Interestingly, the authorities don’t seem to be taking any action apart from issuing instructions that, if the orcas hit your boat, you should turn everything off including the depth sounder and effectively become as ‘boring’ as possible. No one has died, but a lot of people have been very scared and there have been suggestions online that “action needs to be taken.” The lack of advice about what – if any – proactive action might be taken has lead to threads on social media advocating, at the one (pretty disgusting) extreme, emptying blackwater tanks (your toilet holding tank) onto them and at the other, discharging diesel or explosives into the water very near them. At the time of writing, there have been some reports of the orcas trying the same trick on fishing boats. I don’t think that that was a good idea… I dread to think what will happen next. I’m not sure that the future looks very rosy for this pod- animals never seem to come off that well when they go head to head with human stubbornness, stupidity or greed.

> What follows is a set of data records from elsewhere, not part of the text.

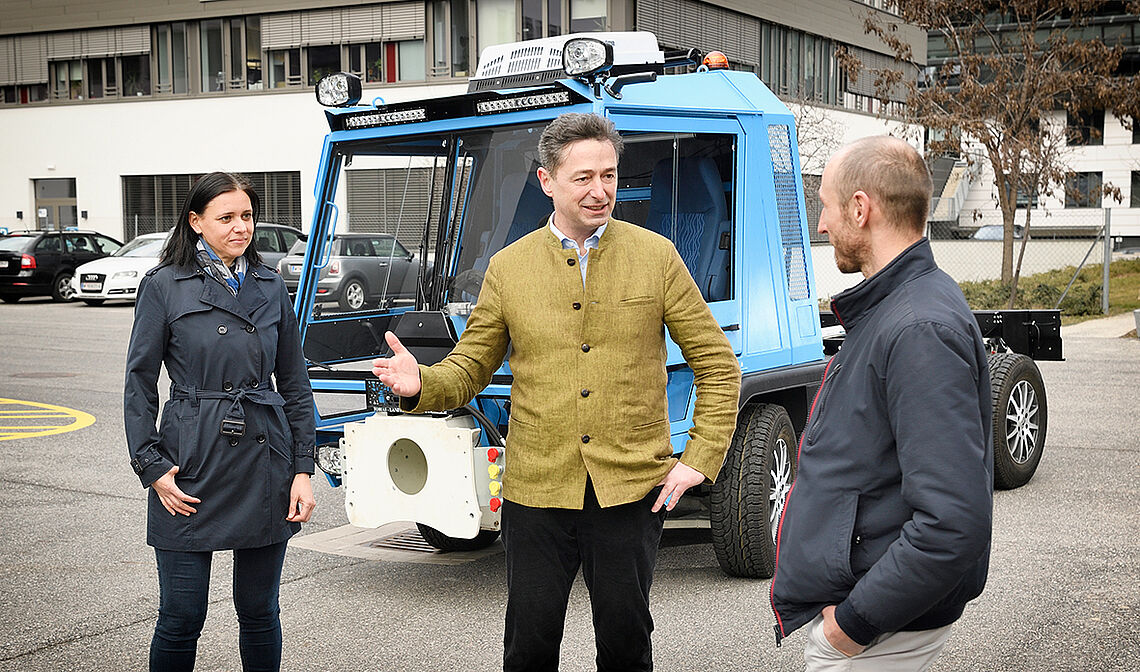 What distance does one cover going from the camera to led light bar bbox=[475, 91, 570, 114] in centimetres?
535

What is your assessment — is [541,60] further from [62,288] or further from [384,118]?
[62,288]

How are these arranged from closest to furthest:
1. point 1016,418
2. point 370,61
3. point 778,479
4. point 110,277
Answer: point 778,479
point 1016,418
point 110,277
point 370,61

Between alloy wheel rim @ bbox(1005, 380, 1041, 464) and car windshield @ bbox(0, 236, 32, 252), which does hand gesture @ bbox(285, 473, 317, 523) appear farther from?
car windshield @ bbox(0, 236, 32, 252)

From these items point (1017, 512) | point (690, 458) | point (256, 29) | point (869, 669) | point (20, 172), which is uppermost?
point (256, 29)

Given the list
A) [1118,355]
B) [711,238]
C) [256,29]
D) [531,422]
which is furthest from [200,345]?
[256,29]

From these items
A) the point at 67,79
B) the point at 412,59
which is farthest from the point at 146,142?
the point at 412,59

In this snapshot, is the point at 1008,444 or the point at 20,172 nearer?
the point at 1008,444

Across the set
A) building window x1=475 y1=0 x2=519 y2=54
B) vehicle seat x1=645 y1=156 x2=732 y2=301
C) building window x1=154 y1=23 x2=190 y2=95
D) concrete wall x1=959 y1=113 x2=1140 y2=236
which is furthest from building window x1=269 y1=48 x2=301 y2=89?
vehicle seat x1=645 y1=156 x2=732 y2=301

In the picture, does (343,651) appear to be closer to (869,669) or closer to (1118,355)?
(869,669)

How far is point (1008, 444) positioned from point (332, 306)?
4771mm

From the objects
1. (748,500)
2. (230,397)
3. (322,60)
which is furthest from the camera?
(322,60)

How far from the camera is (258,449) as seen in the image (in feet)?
12.6

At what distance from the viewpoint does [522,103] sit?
5.45 metres

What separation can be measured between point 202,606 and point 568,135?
73.9 inches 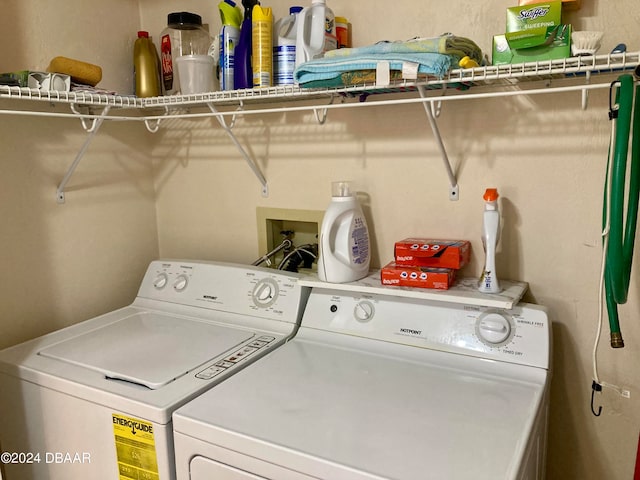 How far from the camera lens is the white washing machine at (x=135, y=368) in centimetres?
121

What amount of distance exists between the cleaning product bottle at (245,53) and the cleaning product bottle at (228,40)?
23mm

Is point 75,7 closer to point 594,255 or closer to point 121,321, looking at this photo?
point 121,321

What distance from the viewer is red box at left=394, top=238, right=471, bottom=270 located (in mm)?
1397

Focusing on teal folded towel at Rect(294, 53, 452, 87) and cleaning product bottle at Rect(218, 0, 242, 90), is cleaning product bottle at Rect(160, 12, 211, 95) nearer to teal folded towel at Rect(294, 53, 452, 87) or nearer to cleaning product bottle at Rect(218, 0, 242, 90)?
cleaning product bottle at Rect(218, 0, 242, 90)

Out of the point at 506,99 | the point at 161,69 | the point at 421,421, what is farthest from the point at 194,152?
the point at 421,421

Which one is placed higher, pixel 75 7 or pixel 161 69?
pixel 75 7

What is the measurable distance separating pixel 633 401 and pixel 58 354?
5.38 feet

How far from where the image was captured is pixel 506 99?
1415 mm

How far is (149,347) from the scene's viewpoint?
59.3 inches

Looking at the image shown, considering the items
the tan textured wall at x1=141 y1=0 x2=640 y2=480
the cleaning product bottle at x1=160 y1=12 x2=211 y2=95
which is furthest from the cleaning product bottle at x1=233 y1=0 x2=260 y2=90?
the cleaning product bottle at x1=160 y1=12 x2=211 y2=95

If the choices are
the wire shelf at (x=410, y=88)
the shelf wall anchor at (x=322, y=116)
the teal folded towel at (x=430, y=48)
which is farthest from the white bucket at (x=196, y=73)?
the teal folded towel at (x=430, y=48)

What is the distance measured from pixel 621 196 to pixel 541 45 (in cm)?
40

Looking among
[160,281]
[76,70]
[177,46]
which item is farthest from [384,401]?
[177,46]

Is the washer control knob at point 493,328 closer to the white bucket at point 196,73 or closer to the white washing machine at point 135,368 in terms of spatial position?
the white washing machine at point 135,368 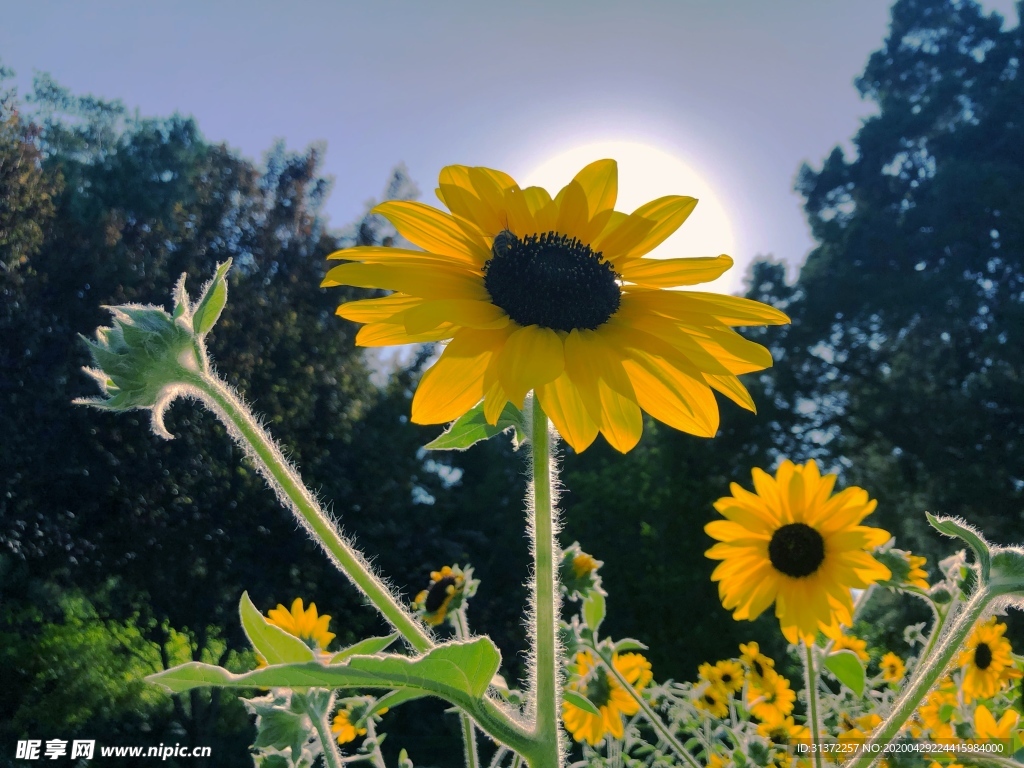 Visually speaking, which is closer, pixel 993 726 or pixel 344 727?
pixel 993 726

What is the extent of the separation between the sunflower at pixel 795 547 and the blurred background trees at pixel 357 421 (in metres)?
5.62

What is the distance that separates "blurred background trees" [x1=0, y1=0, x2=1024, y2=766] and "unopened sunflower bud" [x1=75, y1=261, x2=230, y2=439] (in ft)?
21.1

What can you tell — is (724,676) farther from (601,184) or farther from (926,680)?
(601,184)

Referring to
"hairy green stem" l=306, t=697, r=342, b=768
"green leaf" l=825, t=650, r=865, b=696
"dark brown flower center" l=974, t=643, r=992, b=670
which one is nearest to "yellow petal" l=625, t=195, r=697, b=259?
"hairy green stem" l=306, t=697, r=342, b=768

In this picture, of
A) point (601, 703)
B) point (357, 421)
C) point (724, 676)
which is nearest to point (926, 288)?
point (357, 421)

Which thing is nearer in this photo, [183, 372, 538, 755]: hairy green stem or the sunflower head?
[183, 372, 538, 755]: hairy green stem

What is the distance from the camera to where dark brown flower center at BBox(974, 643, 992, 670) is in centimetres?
284

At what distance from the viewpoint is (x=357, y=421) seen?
13430mm

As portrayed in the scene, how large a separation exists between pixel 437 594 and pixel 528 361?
2232 millimetres

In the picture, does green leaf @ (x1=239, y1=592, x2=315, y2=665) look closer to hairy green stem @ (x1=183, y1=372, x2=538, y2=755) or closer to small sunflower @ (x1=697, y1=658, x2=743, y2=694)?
hairy green stem @ (x1=183, y1=372, x2=538, y2=755)

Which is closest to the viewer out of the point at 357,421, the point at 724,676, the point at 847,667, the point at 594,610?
the point at 847,667

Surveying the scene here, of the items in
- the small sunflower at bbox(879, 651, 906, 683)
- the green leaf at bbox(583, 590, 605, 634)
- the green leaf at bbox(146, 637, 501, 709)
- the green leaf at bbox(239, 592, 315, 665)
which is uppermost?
the green leaf at bbox(583, 590, 605, 634)

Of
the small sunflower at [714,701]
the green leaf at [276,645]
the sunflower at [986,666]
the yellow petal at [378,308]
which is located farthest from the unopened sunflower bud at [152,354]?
the small sunflower at [714,701]

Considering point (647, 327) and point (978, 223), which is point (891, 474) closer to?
point (978, 223)
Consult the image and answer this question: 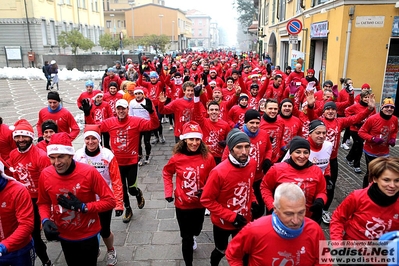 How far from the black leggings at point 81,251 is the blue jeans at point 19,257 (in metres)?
0.33

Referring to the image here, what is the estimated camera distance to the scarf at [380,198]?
315 centimetres

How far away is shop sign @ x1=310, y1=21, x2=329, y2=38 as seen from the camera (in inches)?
572

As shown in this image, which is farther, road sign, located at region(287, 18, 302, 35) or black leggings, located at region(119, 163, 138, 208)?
road sign, located at region(287, 18, 302, 35)

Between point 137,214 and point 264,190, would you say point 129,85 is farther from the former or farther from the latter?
point 264,190

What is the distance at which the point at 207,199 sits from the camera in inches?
149

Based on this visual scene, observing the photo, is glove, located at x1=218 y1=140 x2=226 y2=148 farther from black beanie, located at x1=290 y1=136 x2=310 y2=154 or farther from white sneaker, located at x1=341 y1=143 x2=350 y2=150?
white sneaker, located at x1=341 y1=143 x2=350 y2=150

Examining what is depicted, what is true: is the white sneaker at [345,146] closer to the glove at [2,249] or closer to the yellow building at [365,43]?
the yellow building at [365,43]

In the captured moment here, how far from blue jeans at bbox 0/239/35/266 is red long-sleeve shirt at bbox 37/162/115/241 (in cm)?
36

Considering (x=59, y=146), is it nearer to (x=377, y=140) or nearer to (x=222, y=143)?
(x=222, y=143)

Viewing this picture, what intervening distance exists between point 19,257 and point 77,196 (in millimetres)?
823

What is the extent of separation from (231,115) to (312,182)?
11.5 ft

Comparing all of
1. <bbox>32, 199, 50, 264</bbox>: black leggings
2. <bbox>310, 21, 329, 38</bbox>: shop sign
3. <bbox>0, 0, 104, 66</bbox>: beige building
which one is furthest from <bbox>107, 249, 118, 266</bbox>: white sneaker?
<bbox>0, 0, 104, 66</bbox>: beige building

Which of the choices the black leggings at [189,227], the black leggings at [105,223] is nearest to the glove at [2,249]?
the black leggings at [105,223]

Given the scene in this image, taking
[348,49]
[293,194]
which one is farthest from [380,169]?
[348,49] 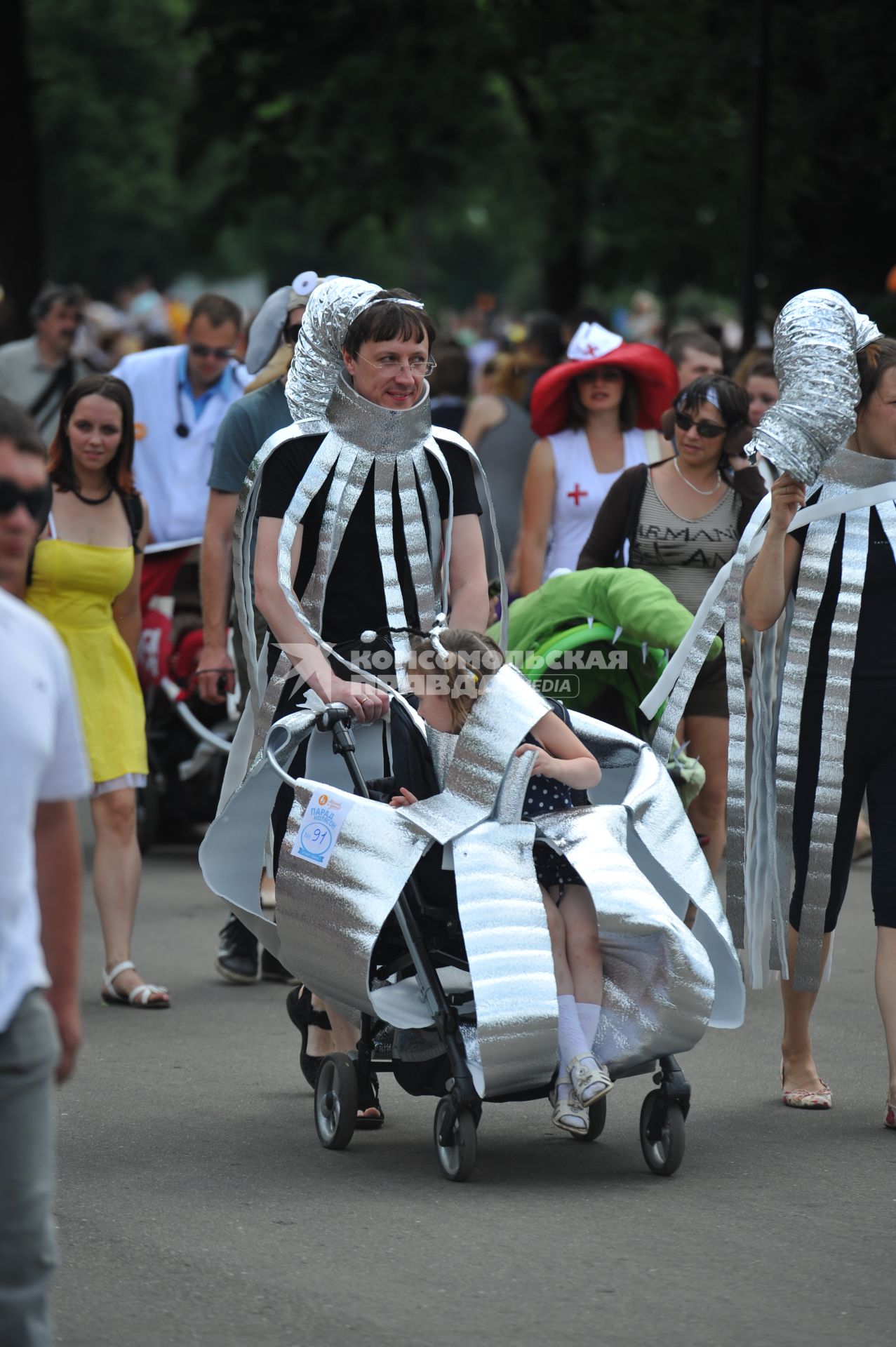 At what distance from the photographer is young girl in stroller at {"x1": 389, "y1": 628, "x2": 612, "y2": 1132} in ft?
17.7

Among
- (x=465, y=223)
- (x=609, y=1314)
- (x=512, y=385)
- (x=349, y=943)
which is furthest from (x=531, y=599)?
(x=465, y=223)

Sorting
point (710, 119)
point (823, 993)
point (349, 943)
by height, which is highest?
point (710, 119)

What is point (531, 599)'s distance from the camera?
24.2 feet

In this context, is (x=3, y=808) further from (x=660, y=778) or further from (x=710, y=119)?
(x=710, y=119)

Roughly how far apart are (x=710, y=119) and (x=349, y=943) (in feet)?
39.5

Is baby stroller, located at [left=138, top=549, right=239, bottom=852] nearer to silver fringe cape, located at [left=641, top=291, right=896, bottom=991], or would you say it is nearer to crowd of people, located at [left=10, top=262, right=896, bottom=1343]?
crowd of people, located at [left=10, top=262, right=896, bottom=1343]

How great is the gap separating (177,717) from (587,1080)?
224 inches

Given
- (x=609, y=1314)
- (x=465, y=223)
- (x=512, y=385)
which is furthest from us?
(x=465, y=223)

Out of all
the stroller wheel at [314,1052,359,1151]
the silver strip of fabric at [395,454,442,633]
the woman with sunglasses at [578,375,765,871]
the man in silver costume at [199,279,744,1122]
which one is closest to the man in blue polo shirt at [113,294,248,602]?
the woman with sunglasses at [578,375,765,871]

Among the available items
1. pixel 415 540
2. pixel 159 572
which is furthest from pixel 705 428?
pixel 159 572

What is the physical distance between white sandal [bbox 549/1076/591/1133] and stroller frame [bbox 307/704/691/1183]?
2.0 inches

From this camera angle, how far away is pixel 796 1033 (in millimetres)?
6250

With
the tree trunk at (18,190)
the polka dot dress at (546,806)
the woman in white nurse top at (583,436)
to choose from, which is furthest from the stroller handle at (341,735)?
the tree trunk at (18,190)

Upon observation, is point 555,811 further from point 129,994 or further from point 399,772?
point 129,994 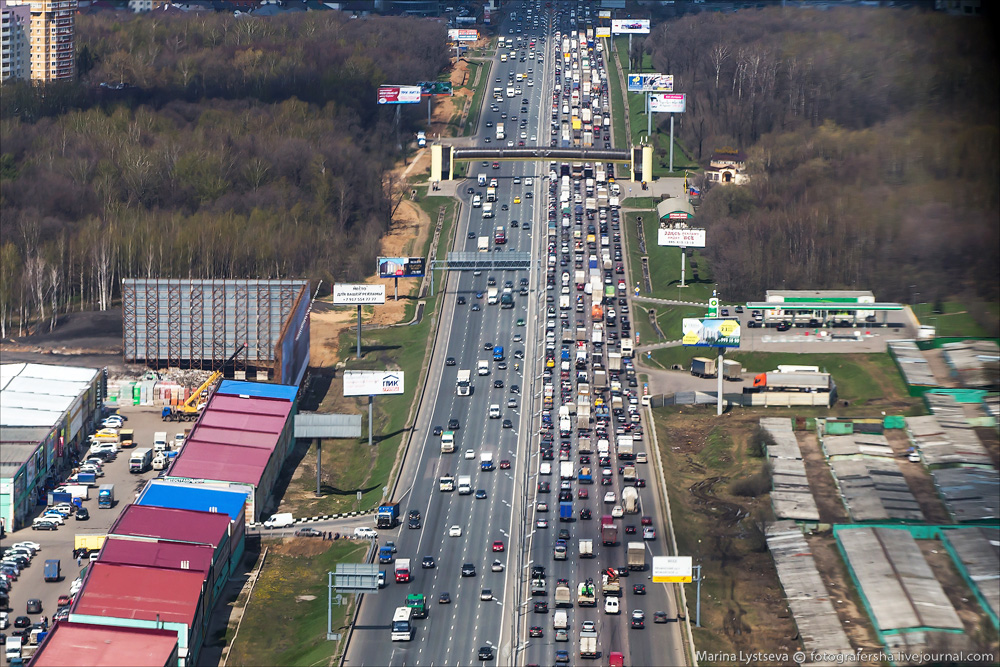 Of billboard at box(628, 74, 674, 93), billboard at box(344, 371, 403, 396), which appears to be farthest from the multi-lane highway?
billboard at box(628, 74, 674, 93)

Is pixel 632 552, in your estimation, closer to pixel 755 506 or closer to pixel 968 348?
pixel 755 506

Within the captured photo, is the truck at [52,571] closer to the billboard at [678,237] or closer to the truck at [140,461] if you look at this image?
the truck at [140,461]

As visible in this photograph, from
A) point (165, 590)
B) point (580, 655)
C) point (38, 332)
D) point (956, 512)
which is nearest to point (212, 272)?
point (38, 332)

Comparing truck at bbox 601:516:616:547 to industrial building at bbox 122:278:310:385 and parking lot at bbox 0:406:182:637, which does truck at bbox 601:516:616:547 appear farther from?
industrial building at bbox 122:278:310:385

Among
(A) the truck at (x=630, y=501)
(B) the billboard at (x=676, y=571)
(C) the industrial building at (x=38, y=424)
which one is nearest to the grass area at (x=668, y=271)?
(A) the truck at (x=630, y=501)

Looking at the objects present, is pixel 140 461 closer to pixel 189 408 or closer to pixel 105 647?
pixel 189 408

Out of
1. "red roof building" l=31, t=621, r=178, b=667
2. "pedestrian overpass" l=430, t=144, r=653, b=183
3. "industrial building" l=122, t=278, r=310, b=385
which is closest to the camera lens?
"red roof building" l=31, t=621, r=178, b=667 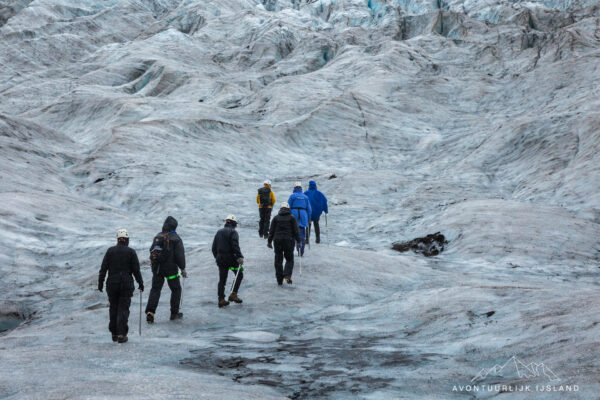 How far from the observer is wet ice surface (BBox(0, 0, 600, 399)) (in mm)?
7867

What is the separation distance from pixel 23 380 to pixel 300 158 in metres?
32.8

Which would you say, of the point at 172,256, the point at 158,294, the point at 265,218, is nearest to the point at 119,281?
the point at 158,294

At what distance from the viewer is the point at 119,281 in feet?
33.0

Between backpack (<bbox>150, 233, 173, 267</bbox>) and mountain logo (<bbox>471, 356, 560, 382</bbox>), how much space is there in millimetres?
6887

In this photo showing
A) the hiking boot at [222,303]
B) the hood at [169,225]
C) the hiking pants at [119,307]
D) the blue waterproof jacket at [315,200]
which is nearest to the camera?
the hiking pants at [119,307]

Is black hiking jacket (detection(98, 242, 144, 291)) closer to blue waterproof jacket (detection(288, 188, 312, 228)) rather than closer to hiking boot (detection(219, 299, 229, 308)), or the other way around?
hiking boot (detection(219, 299, 229, 308))

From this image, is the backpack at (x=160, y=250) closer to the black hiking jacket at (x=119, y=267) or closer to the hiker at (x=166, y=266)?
the hiker at (x=166, y=266)

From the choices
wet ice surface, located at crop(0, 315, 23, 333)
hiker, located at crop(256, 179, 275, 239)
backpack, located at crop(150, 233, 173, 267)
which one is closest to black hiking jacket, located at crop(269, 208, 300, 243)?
backpack, located at crop(150, 233, 173, 267)

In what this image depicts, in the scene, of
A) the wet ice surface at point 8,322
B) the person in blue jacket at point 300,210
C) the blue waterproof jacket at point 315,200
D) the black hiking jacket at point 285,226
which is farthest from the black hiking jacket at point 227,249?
the blue waterproof jacket at point 315,200

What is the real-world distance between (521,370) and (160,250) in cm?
746

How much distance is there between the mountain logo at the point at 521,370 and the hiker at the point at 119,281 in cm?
621

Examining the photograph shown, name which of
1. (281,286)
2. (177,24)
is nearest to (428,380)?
(281,286)

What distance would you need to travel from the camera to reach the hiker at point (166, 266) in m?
11.2

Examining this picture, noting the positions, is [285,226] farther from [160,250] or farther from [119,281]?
[119,281] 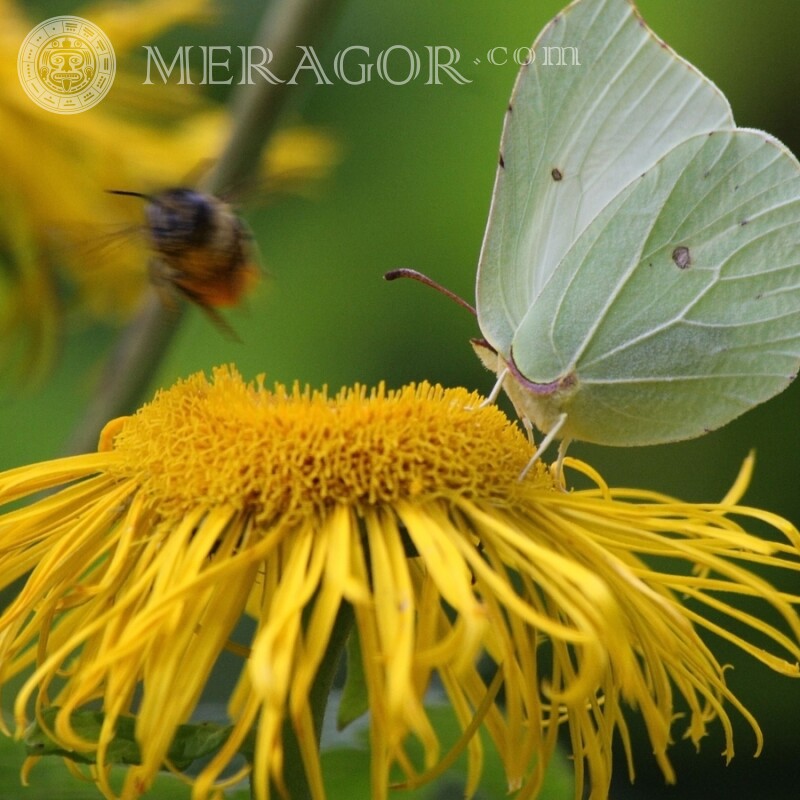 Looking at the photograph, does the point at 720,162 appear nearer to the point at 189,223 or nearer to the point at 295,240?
the point at 189,223

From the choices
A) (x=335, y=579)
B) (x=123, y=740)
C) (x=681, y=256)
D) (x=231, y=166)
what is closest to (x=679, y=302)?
(x=681, y=256)

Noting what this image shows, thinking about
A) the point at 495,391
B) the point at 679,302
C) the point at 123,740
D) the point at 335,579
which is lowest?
the point at 123,740

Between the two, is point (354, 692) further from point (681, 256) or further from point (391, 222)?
point (391, 222)

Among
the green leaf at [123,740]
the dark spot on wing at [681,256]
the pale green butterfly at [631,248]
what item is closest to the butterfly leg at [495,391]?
the pale green butterfly at [631,248]

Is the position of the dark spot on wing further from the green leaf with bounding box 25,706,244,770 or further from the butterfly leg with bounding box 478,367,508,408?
the green leaf with bounding box 25,706,244,770

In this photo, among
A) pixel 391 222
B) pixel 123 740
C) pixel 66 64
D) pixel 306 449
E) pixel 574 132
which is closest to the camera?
pixel 123 740

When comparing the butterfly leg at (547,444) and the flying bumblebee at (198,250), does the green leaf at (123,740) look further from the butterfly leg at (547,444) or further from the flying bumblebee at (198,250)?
the flying bumblebee at (198,250)

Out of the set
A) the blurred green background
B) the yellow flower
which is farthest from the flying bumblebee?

In any case, we knew that the orcas were nearby because we heard a call on Channel 16 from a boat that was only a couple of miles behind us that had orca company. So far they hadn’t inflicted any lasting damage, but the sailors didn’t sound like they were enjoying the experience of having 4 tonnes of animal thumping against their hull. We slunk quietly into Sines and waited for them to move north.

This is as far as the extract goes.